The smell was no longer there when he put them in the dish. One of the eggs had broken even though he'd been as careful as he could possibly be.
What the hell are you doing, you little bastard? Come here. Come here, I said!
We'd better send you back to where you came from.
He opened the cupboard door again and sniffed at the rubbish bag. Fried eggs didn't smell like raw eggs in the country, certainly not. It seemed they were still warm, and that made the smell even stronger.
He sealed the rubbish bag and sent it sliding down the chute on the landing. The resulting thud below was muted, which meant that they would soon be coming to empty the big bin down in the cellar.
It was sunny outside.
He went back in, put on his jacket and emerged into the sunshine, which seemed to be less bright than it had appeared through the window. The sun was hidden behind the high-rise blocks – it didn't have the strength to rise above them at this time of year.
It was different out in the fields. There were no high-rise blocks there for the sun to hide behind. The neighbouring farms were so far away that they seemed to be just a minor blot on the landscape. He could well have been standing in the middle of an ocean. There was no end to it. The plain was as boundless as the ocean, and he was standing in the middle of it next to the island he lived on. It was a desert island that he longed to escape from, but no ships passed by to take him away. He could swim, but not as far as that. He wasn't big enough. When he grew up.
He walked round the high-rise building and saw the sun. He could look straight at it without going blind; it was like a low-voltage bulb up there in the heavens.
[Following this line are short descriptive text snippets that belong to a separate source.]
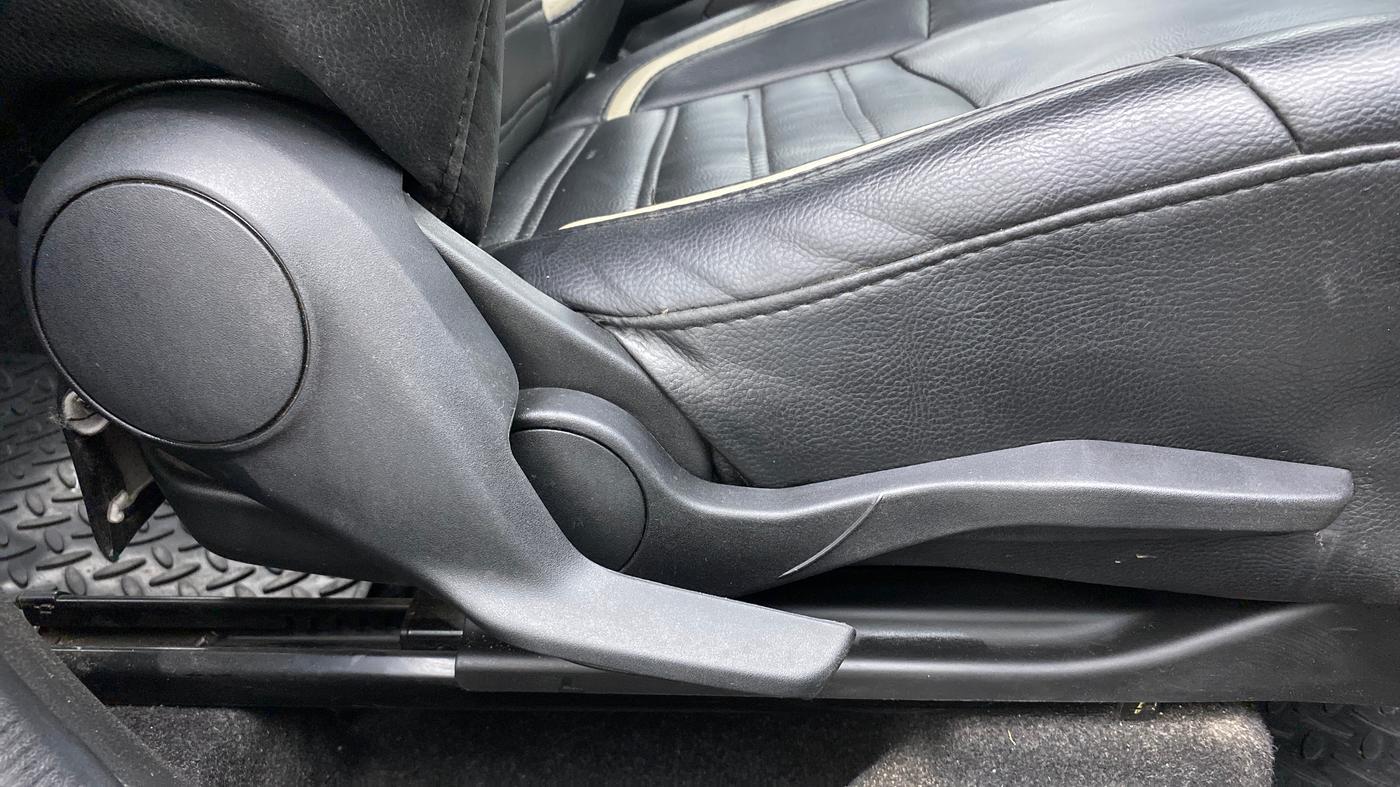 2020 Maruti Swift VXI, Petrol, Manual, 41,044 km, Driver Side Adjustment Panel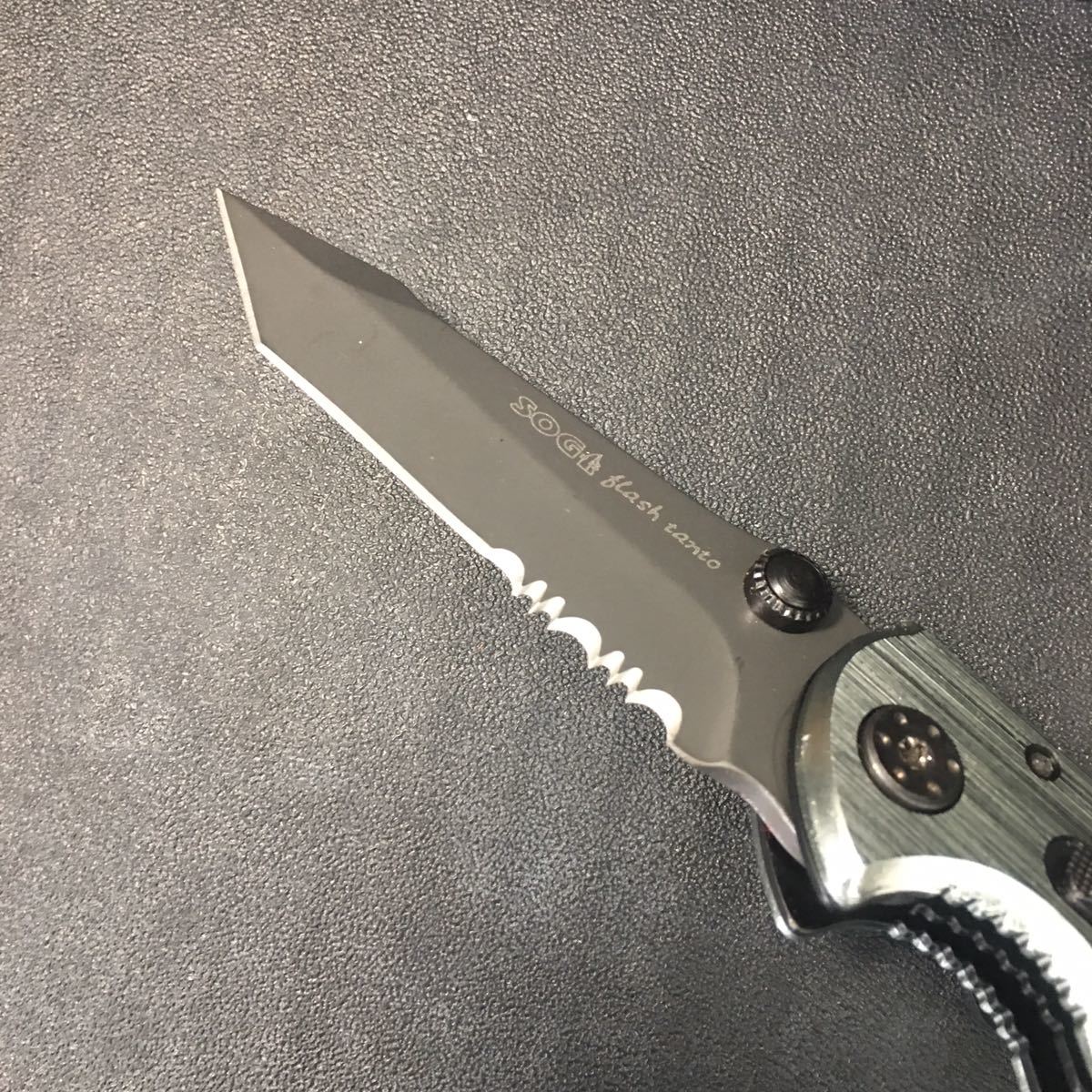 SOG tlash tanto 440steel 折りたたみナイフ アウトドア サバイバル 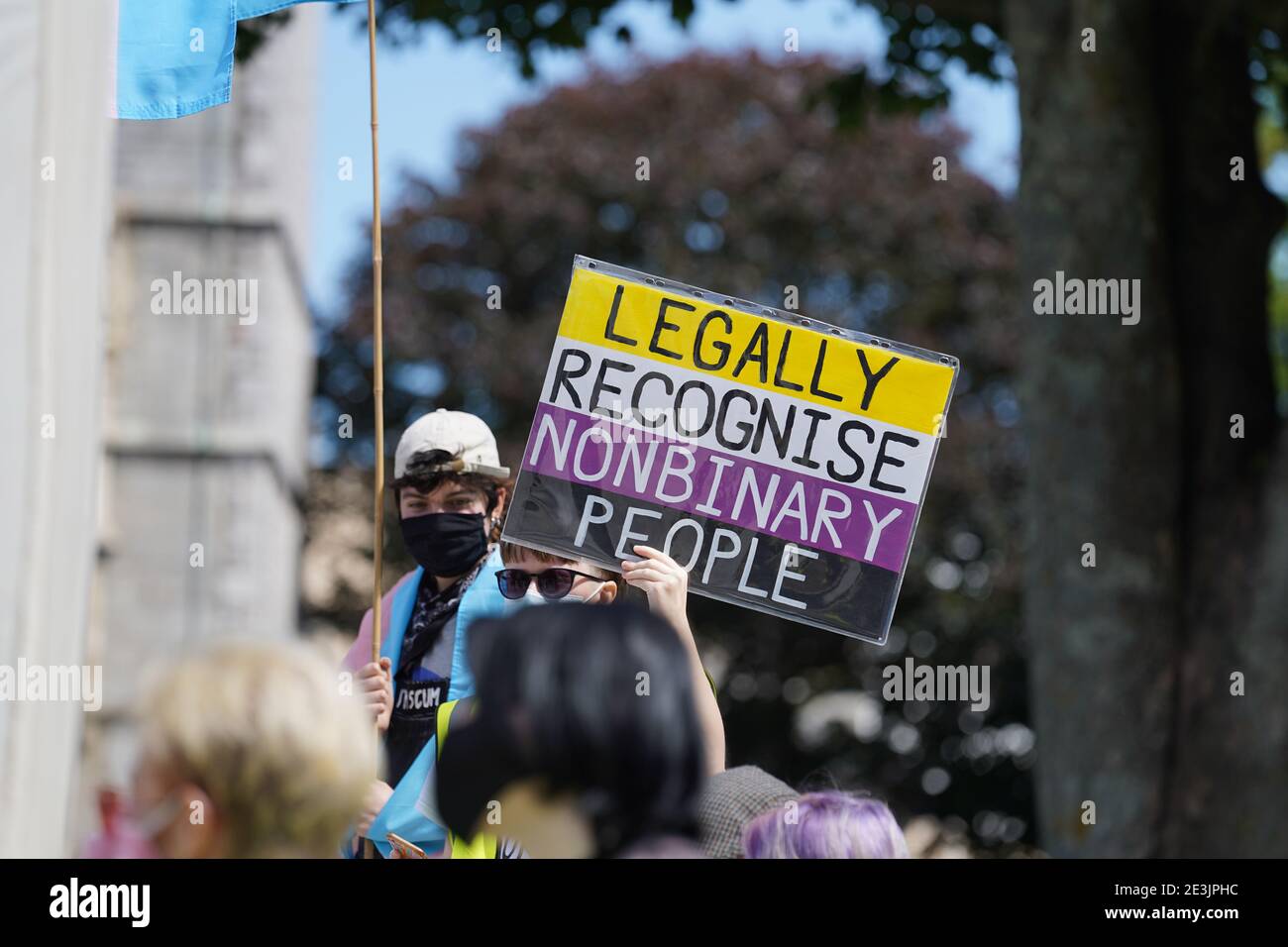 Plymouth, Großbritannien. Juli 2020. Trans-Leben-Materie Protest auf dem Bürgerplatz, im Zentrum der Stadt. Stockfoto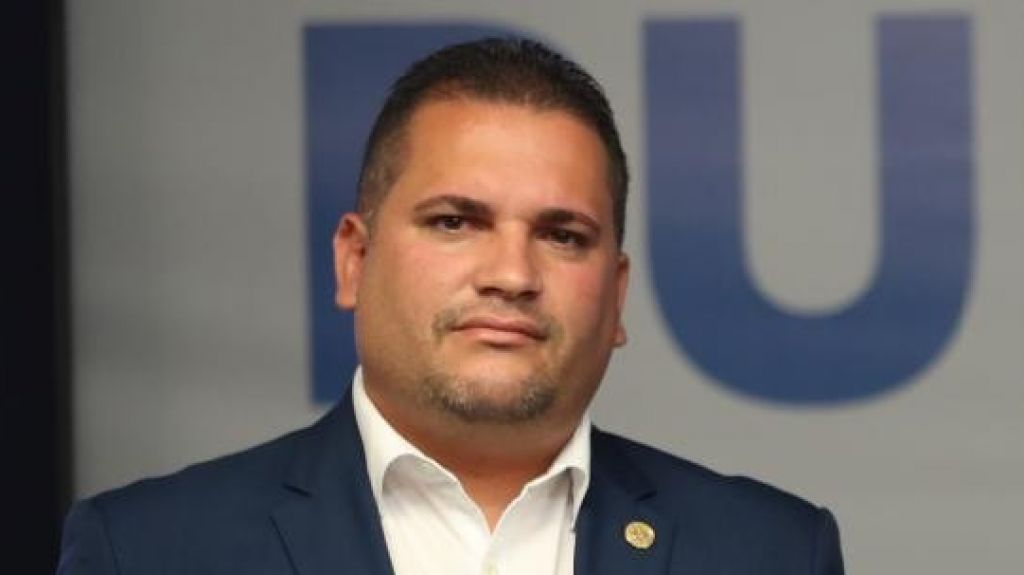  Molesto Abid Qui&ntilde;ones con director T&eacute;cnica AEE Utuado, le pide que &ldquo;se vaya pa&rsquo; su casa&rdquo; 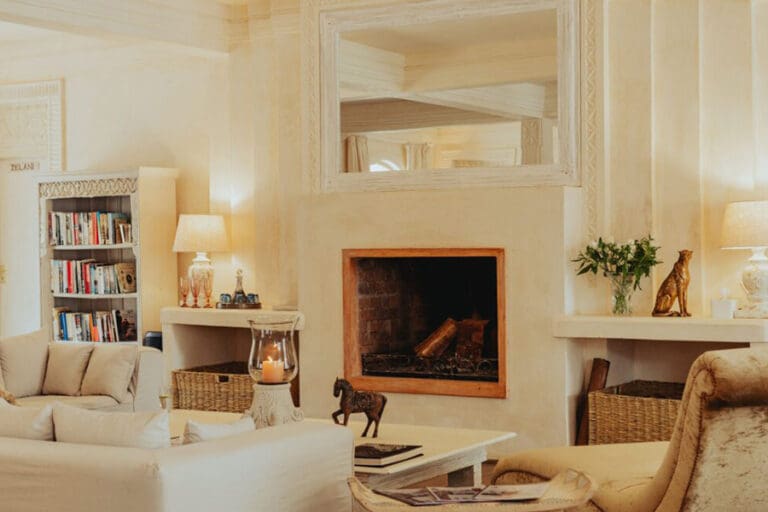 Pasar las horas de ocio leyendo.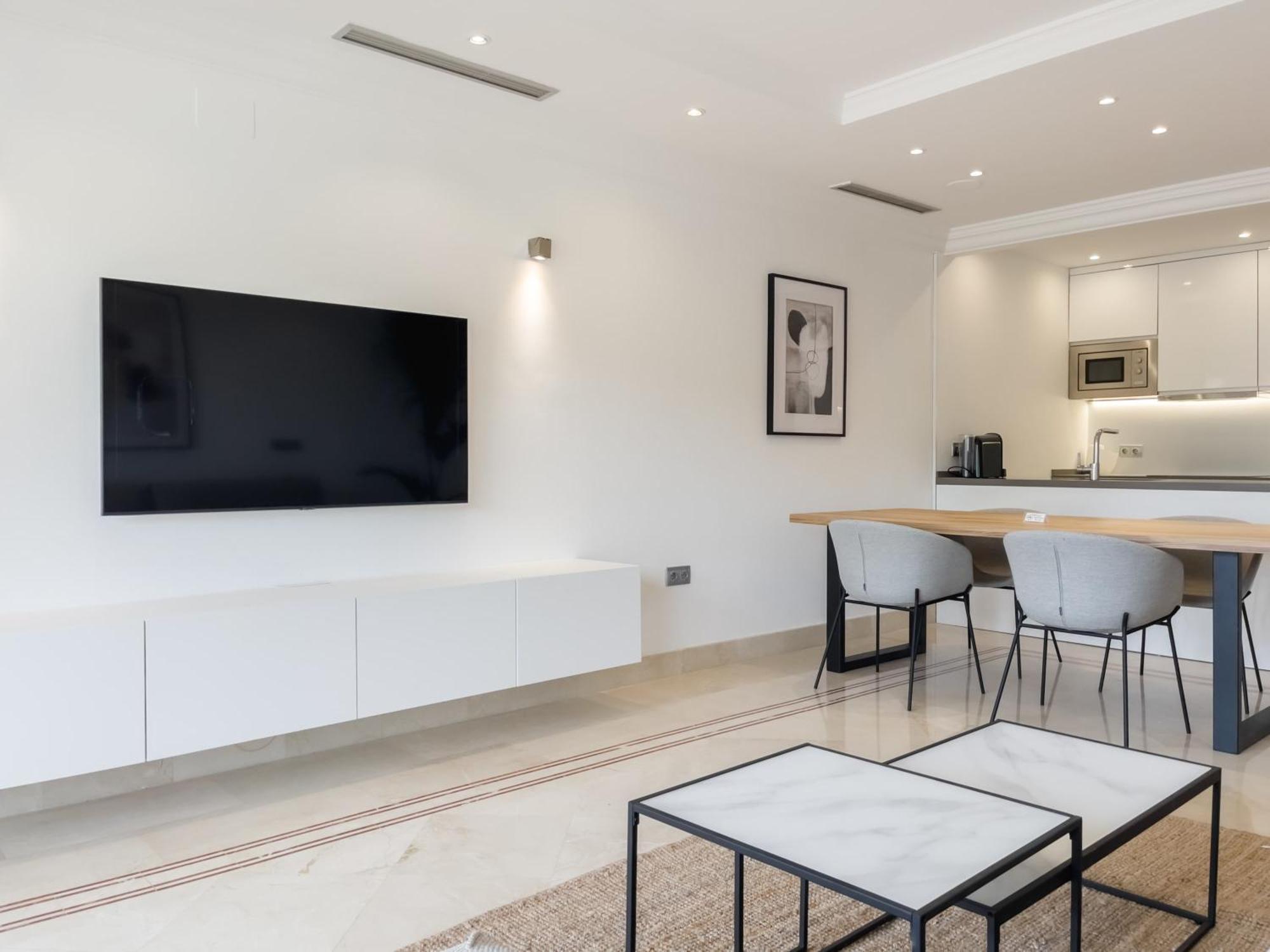 Aloha Hills Club Luxury Retreat Pools Gym Appartement Marbella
A tram clattered past down below. He raised a hand in greeting. Perhaps the driver was somebody he knew who would recognise him.
The tram stopped a bit further on and people got off carrying bags and parcels containing Christmas presents. Parcels wrapped in fun, colourful paper. They had to be Christmas presents.
He shook his head.
The old man had shaken the iron in his face. Shaken, shaken. He could detect the smell of singed hair, and something more. Singed flesh.
Great stuff, these irons, the old man had said. Look out! he'd said, and the iron had only just missed him.